Researchers Believe They’ve Discovered Something Pretty Cool About Monet Painting
Jan. 24, 2014 11:28am Elizabeth Kreft
Texas State University researchers believe they have pinpointed the exact moment that inspired a 131-year-old seminal work of art.
The research team used forensic astronomy to reveal new details about Oscar-Claude Monet’s experience while painting his popular Étretat: Sunset. The father of the French Impressionist movement painted the stunning seascape during a trip to the Normandy coast in 1883, but the team wanted to uncover more details about the precise moments in which the painter captured the scene.
The team published their findings in the February 2014 issue of Sky & Telescope magazine, which trace Monet’s footsteps along the coast, and use astronomical data to determine the captured moment was: February 5th, 1883 at 4:53 PM local time.
Olson’s ironic research attempts to pinpoint an exact moment – they claim 4:53 p.m. Feb 5th, 1883 – when Monet captured his famous sunset off the Coast of Normandy. Yet Impressionist artists reeled against such academic, exacting rigor.
Astrophysicist Donald Olson led the research team to the Normandy cliffs in 2012, where they determined the artists vantage point much like any other tourist might: by using postcard-size replicas of Étretat: Sunset., reports The Verge. Once they identified the location, that’s when the research kicked up a notch: they used sophisticated planetary software to determine what a 19th century sky would have looked like, focusing on the position of the moon and sun.
The prime difficulty in their research was the time of year in which they traveled; Monet documented his painting experience in letters to his future wife that show he spent weeks in February on the Normandy coast to capture the scene. But Olson’s research team traveled to France in the summer.
Still, of Monet’s series of paintings during that winter trip, Sunset is the only one that includes the low-setting sun, depicted to the right of a seaside cliff and needle-shaped rock formation. And the crescent moon and star fields allowed Olson and his team to determine the path along which the sun would have set.

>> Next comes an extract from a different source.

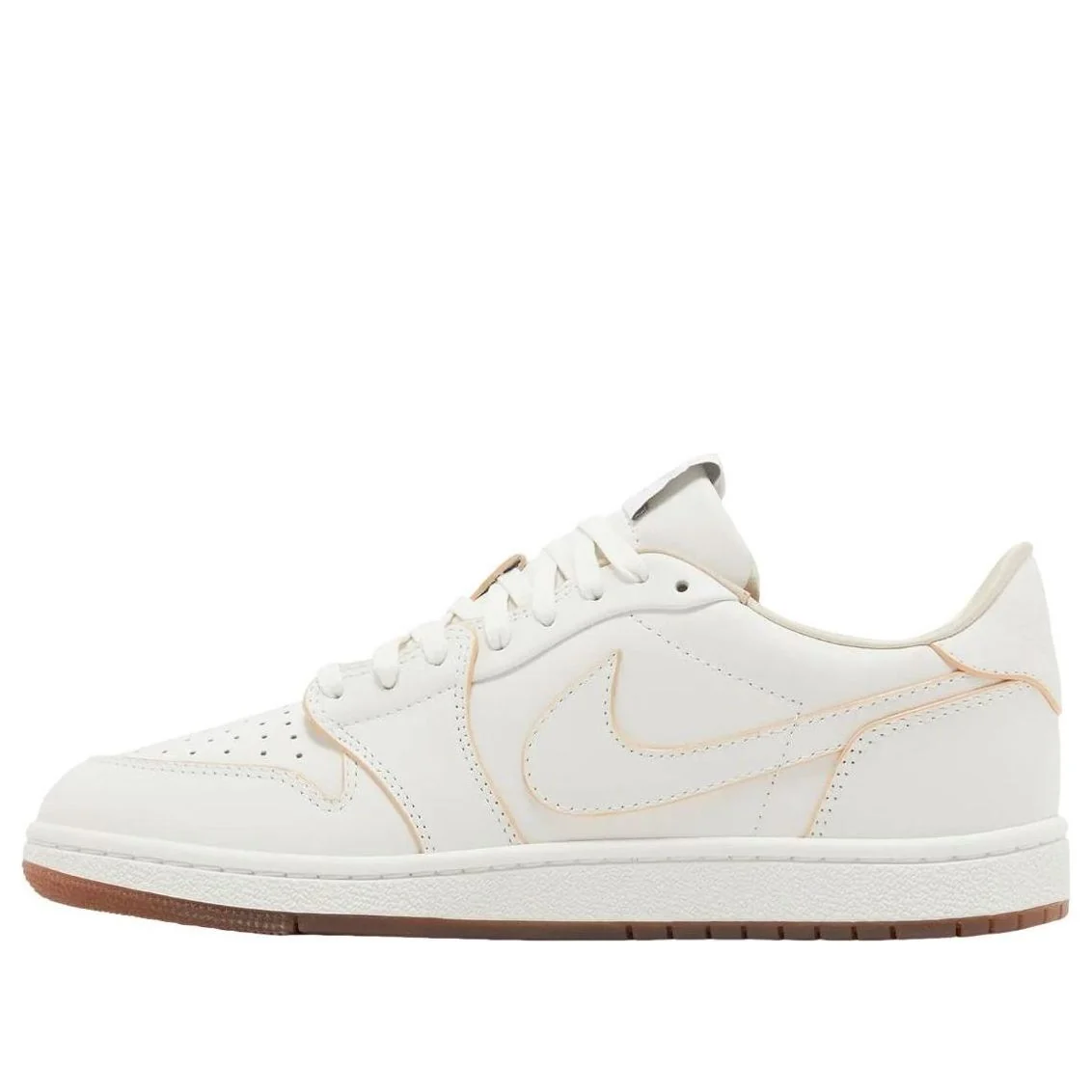 Air Jordan 1 Low '85 Wings 'Phantom' DZ3140-102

Based on their calculations, the Texas researchers concluded Monet painted the work between February 3rd and 7th. After studying the letters Monet wrote during that time, as well as historical weather and tidal data, they narrowed the precise date to February 5th, 1883 at 4:53 PM local time.

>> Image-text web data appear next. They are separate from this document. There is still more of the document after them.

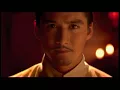 MV.ชั่วฟ้าดินสลาย : เจนนิเฟอร์คิ้ม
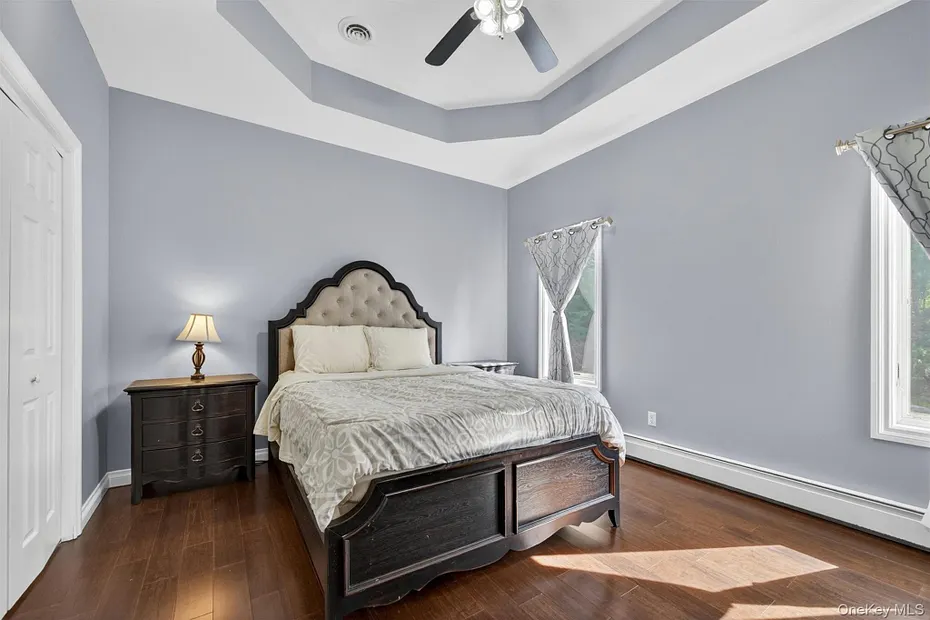 29 Gurda Lane Photo 26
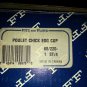 Fitz and Floyd Poulet Chick Egg Cup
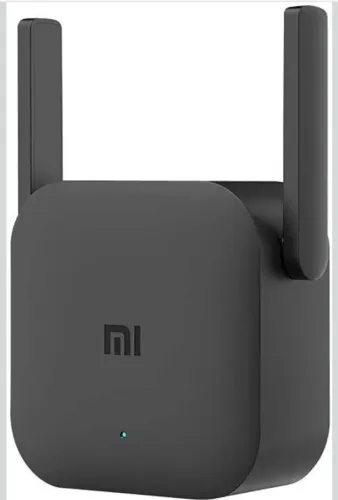 Xiaomi Mi Wifi Extender Pro, DVB4235GL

Monet’s Impression, Sunrise, is usually identified as the start of the Impressionist movement. Perhaps Olson and his team can try to dissect this painting next, and get Monet to roll over in his grave twice.

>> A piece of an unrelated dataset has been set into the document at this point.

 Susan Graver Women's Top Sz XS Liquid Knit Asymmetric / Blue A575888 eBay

In letters Monet wrote to his future wife Alice Hoschedé, the painter revealed details about his sunset project, so there are historical records to support the researchers data. Monet’s February 1883 letters describe how difficult the conditions were, with changing tides and weather, and the challenging terrain, according to a Monet Web site:
When, in true Impressionist manner, he set up his easel on the shore to observe the subject, he was making studies that he intended to take back to his studio for producing finished paintings. His hope of having a few finished canvases at the conclusion of his three-week sojourn was not realized, but he did paint at least eighteen views of Etretat dated 1883.
The irony of the research relates to the thrust of Impressionist work; these artists strove to rebel against academic accuracy in their work. Monet, Renoir, Degas, Pissaro… they all embraced a radical artistic style that focused on freely brushed colors vice carefully crafted lines and contours.
But Olson admits some mystery remains about the painting. “You can’t ruin a painting’s mystique through technical analysis,” Olson said in a 2009 interview with Smithsonian Magazine. “It still has the same emotional impact. We are just separating the real from the unreal.”